Ich stand auf, um in mein Badezimmer zu gehen, ich musste ihre Stimmen aus meiner Hörweite bekommen. Ein paar Sekunden nachdem ich aufgestanden war, hörte ich hektisches Hämmern und Klopfen an der Tür. Erik versuchte offensichtlich, in das Schlafzimmer einzubrechen.
„Welche Unverschämtheit!“, sagte ich laut genug, damit Erik es hören konnte, damit er aufhörte. Er war nicht die ruhige Person, die er war, bevor ich ihn in meinem vergangenen Leben zu meinem Gefährten erklärt hatte.

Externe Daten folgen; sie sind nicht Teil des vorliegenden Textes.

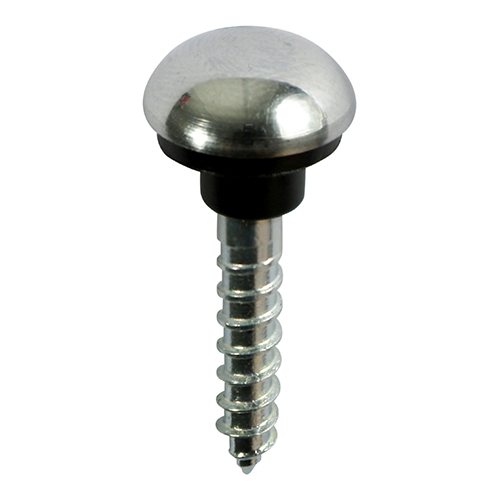 8 x 1 1/4 Mirror Hanging Screws Zinc Chrome Dome Qty Box 200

Ich schätze, er wurde zunehmend unruhiger mit meinem Widerstand.
Ich machte einen Schritt nach vorne und sah, dass die Tür im Begriff war, aufzubrechen. Ich streckte reflexartig meine Hand aus, um zu versuchen, die Tür festzuhalten, während ich noch weit weg war. Aber das Unmögliche geschah, die Tür knallte zu!